[PATCH v3 2/2] mtd: mediatek: driver for MTK Smart Device Gen1 NAND

Tue Apr 19 09:42:37 PDT 2016

Hi Jorge,

On Tue, 19 Apr 2016 10:26:55 -0400
Jorge Ramirez-Ortiz <jorge.ramirez-ortiz at linaro.org> wrote:

> >> +static irqreturn_t mtk_ecc_irq(int irq, void *id)
> >> +{
> >> +	struct mtk_ecc *ecc = id;
> >> +	u32 dec, enc;
> >> +
> >> +	dec = readw(ecc->regs + ECC_DECIRQ_STA) & DEC_IRQEN;
> >> +	enc = readl(ecc->regs + ECC_ENCIRQ_STA) & ENC_IRQEN;
> >> +
> >> +	if (!(dec || enc))
> >> +		return IRQ_NONE;
> >> +
> >> +	if (dec) {
> >> +		dec = readw(ecc->regs + ECC_DECDONE);
> >> +		if (dec & ecc->sec_mask) {
> >> +			ecc->sec_mask = 0;
> >> +			complete(&ecc->done);
> > If you can really do enc and dec in parallel, then you should have two
> > waitqueues.
> 
> 
> unfortunately no, we can't do parallel operations.

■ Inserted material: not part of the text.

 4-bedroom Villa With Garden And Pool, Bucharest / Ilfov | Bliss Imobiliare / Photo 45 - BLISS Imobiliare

That's not a problem, as long a you get exclusive access to the engine
when launching an operation.

Given this new input, I'd suggest reworking a bit the ECC interface.
How about providing an mtk_ecc_enable() function where you'll pass the
direction, or even better, the config which would contain the direction
(encoding or decoding), the ECC strength and step-size (maybe we
should also pass the ECC_MODE: NFI, DMA or whatever).

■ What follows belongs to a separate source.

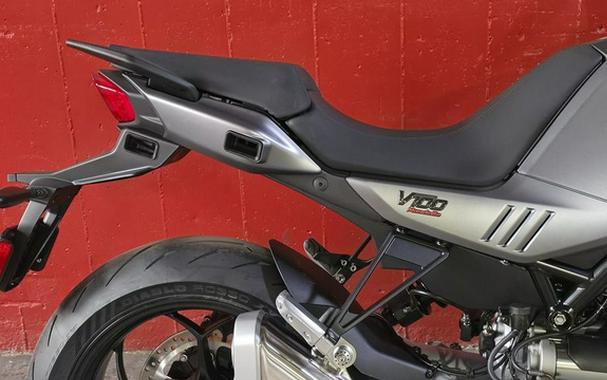 2027 Moto Guzzi V100 Mandello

Similarly to the mtk_ecc_enable() function you would have an
mtk_ecc_disable() which would disable everything.

[...]
> >
> >> +{
> > Not sure this is needed right now, since the NAND driver is the only
> > user of the ECC engine (not even sure you can use the ECC engine
> > independently), and we do not support accessing chips in parallel, but
> > it may be more future proof to take a lock before using the ECC
> > encoder/decoder, and release it when the operation is finished.
> 
> Since it is not required per the current architecture (no parallel chip 
> accesses) I do have doubts about it.

Hm, given that your engine can possibly be used outside of the NAND
pipeline, I'd recommend introducing a lock and using it.
BTW, I see ECC_NFI_MODE (where NFI probably means Nand Flash
Interface) and ECC_DMA_MODE, but the ECC_ENC_MODE mask is (3 << 5). I'm
just curious, what are the other modes (if any)?

> 
> >
> > This your controller seems capable of doing ECC encoding/decoding in
> > parallel, it might be worth having 2 different locks.
> 
> I did double check with the design team and it can't.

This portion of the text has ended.